Judge Jones ordered that HARRIS-MOORE’s federal sentence be served concurrent with the 87-month sentence imposed in Island County Superior Court December 16, 2011, and also ordered that the federal sentence be served consecutive to the juvenile sentence that HARRIS-MOORE escaped from in 2008.
“Today Colton Harris-Moore heard from his victims, and from Judge Jones, how his criminal conduct damaged other lives. We hope he will take those words to heart and truly make changes in his life,” said U.S. Attorney Jenny A. Durkan. “This prison sentence, and the rigorous federal supervision that follows, will be an opportunity for him to prove that he can move in a positive path.”

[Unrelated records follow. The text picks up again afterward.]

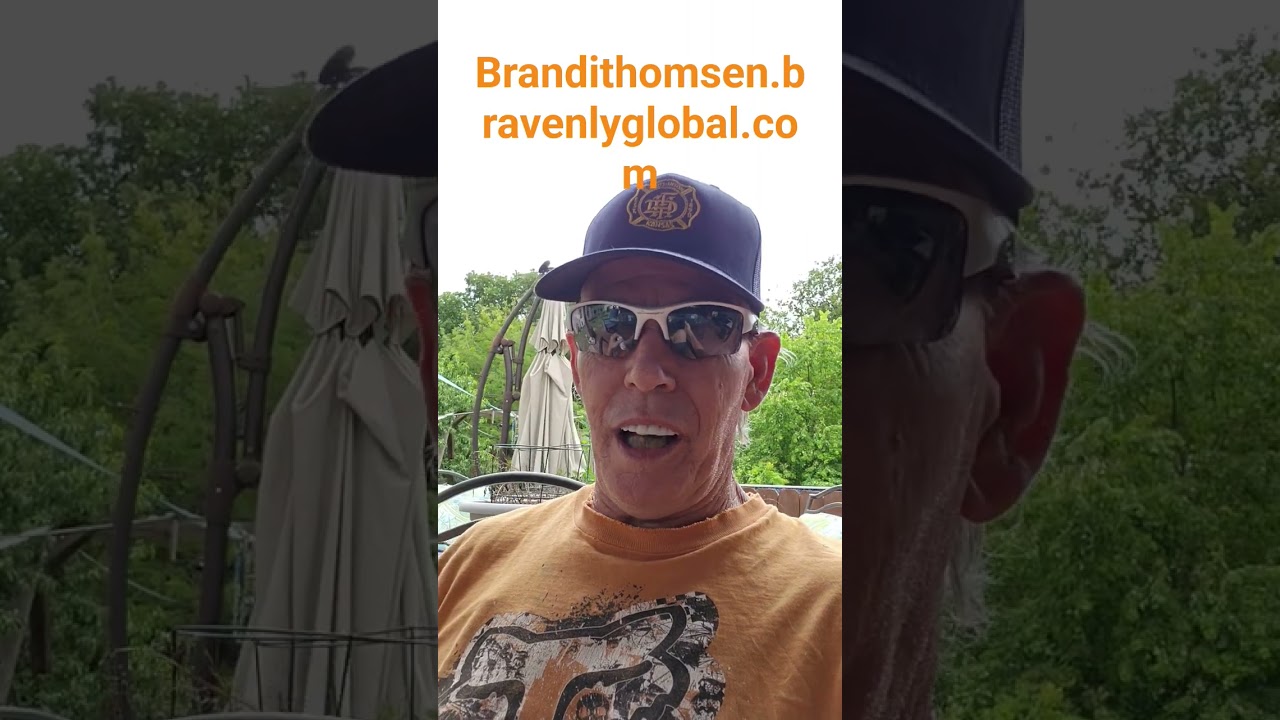 Fighting stage 4 cancer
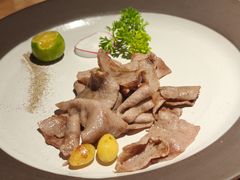 -初花·日本料理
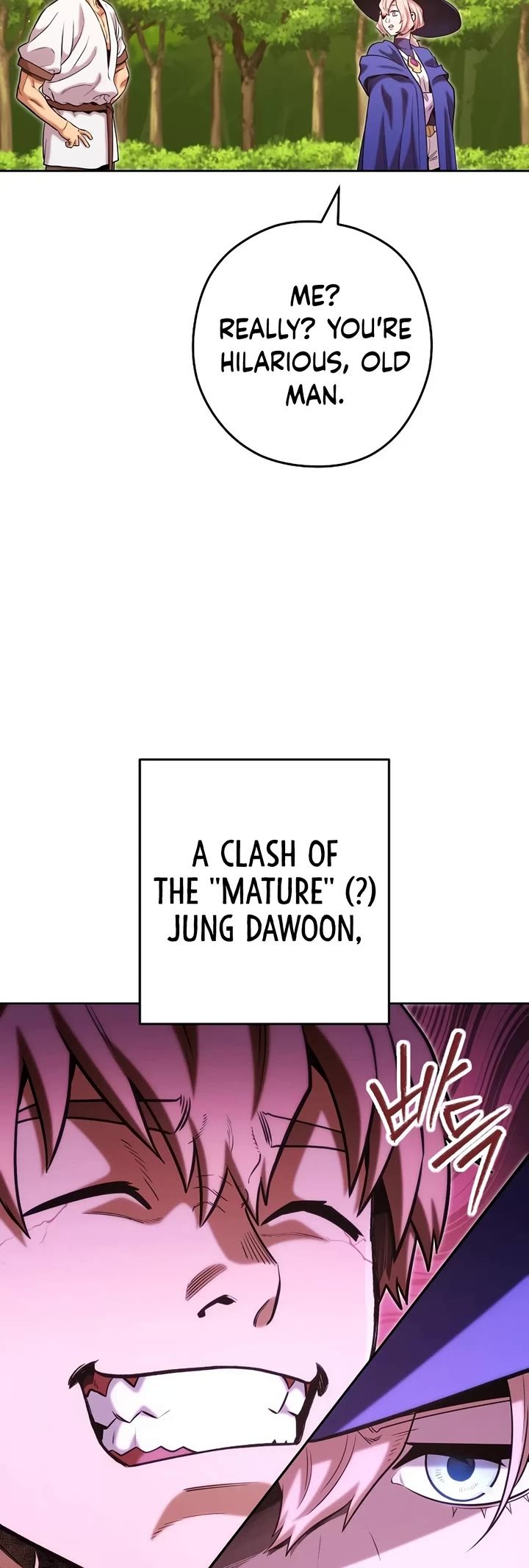 dungeon-reset-chap-232-31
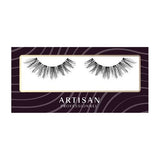 Artisan Professionnel False Eyelashes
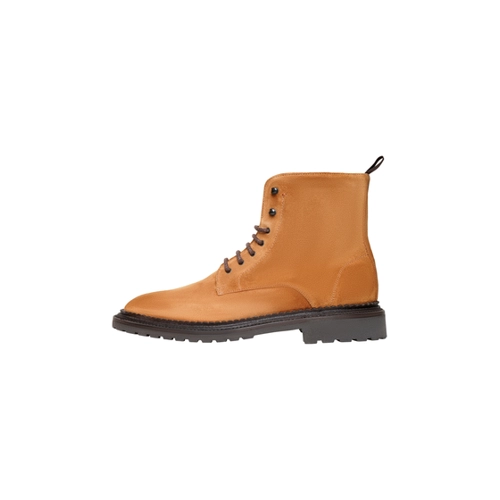 Bild von Henry Stevens Schnürboots "Winston PDB1" – Eleganz und Komfort vereint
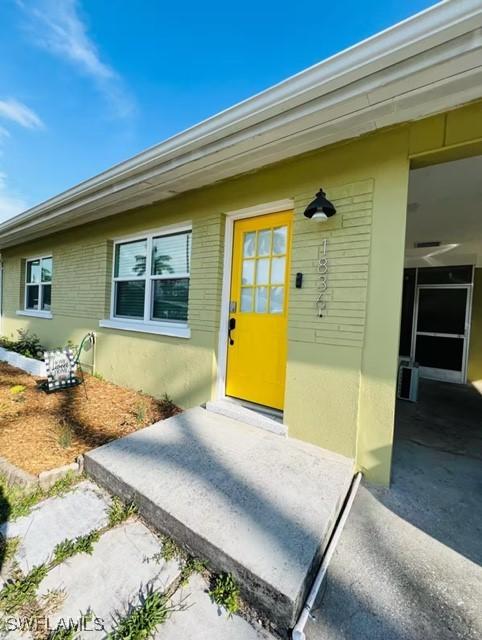1836 Collier Ave., Fort Myers, FL 33901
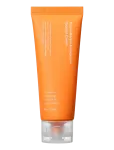 Sungboon Editor - Active Marine Astaxanthin Capsule Cream - &Ouml;&ouml;kreemid - 50 G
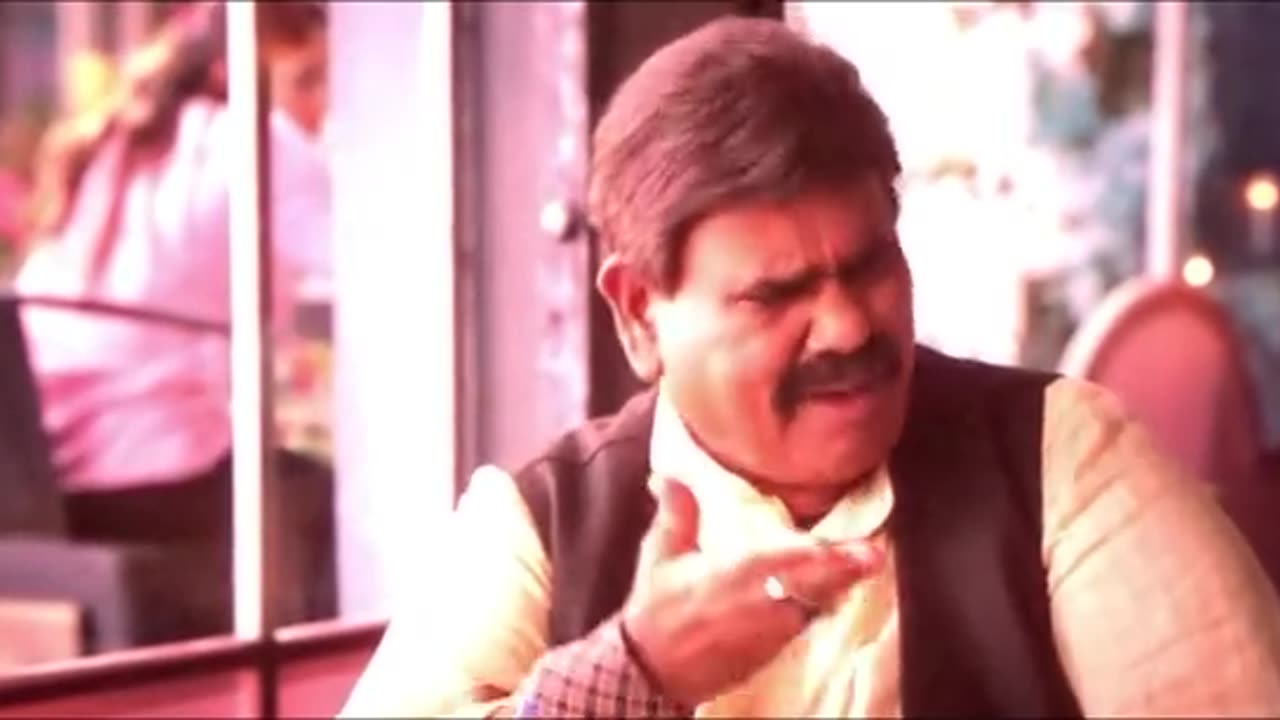 kisi ka bahi ksi ki jan new bollywood movie 2023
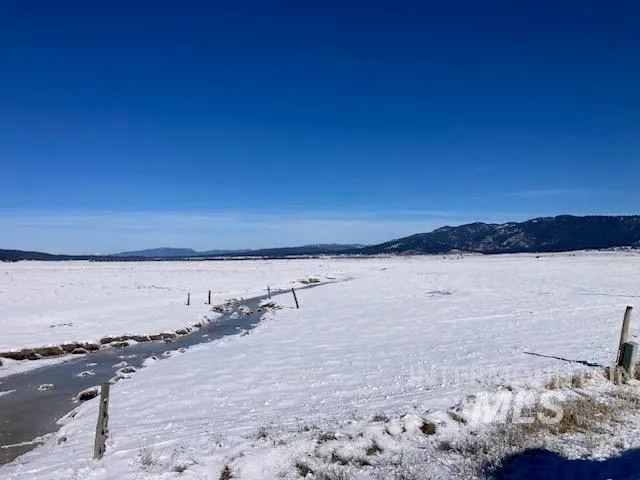 $400,000 | Tbd Bacon Creek Road, Cascade, ID 83611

The federal plea agreement details a long string of crimes including multiple car thefts and burglaries—including one in Yankton County, South Dakota, where HARRIS-MOORE threatened a homeowner after breaking into his house. That homeowner traveled from South Dakota to attend today’s hearing. He described how he and his family arrived home from vacation at 3:00 a.m. to discover COLTON HARRIS-MOORE in their home. HARRIS-MOORE threatened to shoot the homeowner. The man described how his four children were frightened, and over the next year had trouble sleeping in their own rooms or coming home after dark.
The first charged criminal act in the plea agreement is the September 5, 2009 burglary of Islanders Bank in Eastsound, Washington. HARRIS-MOORE admits he attempted to break into the ATM and night deposit box at the bank, using tools he had stolen from the Ace Hardware store in Eastsound. He did more than $1,000 in damage. Following the bank burglary, HARRIS-MOORE traveled to Creston, British Columbia, Canada. He stole a .32 caliber pistol and carried it with him as he crossed back into the United States. On September 29, 2009, HARRIS-MOORE stole a Cessna aircraft from Bonners Ferry, Idaho, and flew the plane to a location near Granite Falls, Washington, where it crashed. HARRIS-MOORE also admits he stole a second firearm, a .22 caliber pistol, during a burglary near Granite Falls, Washington. HARRIS-MOORE carried that pistol with him to a hiding place in the Eastsound Airport on Orcas Island, Washington.
HARRIS-MOORE admits that on February 10, 2010, he piloted an aircraft without an airman’s certificate during a flight he made in a stolen plane from Anacortes to Eastsound, Washington. He admits that on May 31, 2010, he stole a 34-foot boat, and traveled from Ilwaco, Washington, to Warrenton, Oregon.
The statement of facts in the plea agreement recounts HARRIS-MOORE’s long string of thefts and burglaries across the U.S., multiple car thefts in Idaho and Wyoming; burglaries, thefts and auto thefts in South Dakota, Nebraska, Iowa and Indiana, including multiple burglaries at small airports. Finally, on July 4, 2010, HARRIS-MOORE stole his last aircraft from a hangar in Bloomington, Indiana. He crash landed the aircraft when it ran out of fuel on Abaco Island in the Bahamas. He was arrested in the Bahamas a few days later.
The FBI is the lead federal agency investigating the case. The FBI was assisted by the U.S. Department of Transportation Office of Inspector General, as well as numerous state and local law enforcement agencies from across the country. The case is being prosecuted by Assistant United States Attorneys Darwin Roberts, Mike Dion and Richard E. Cohen. Attorneys with the U.S. Attorney’s Office for the Southern District of Indiana assisted with the case.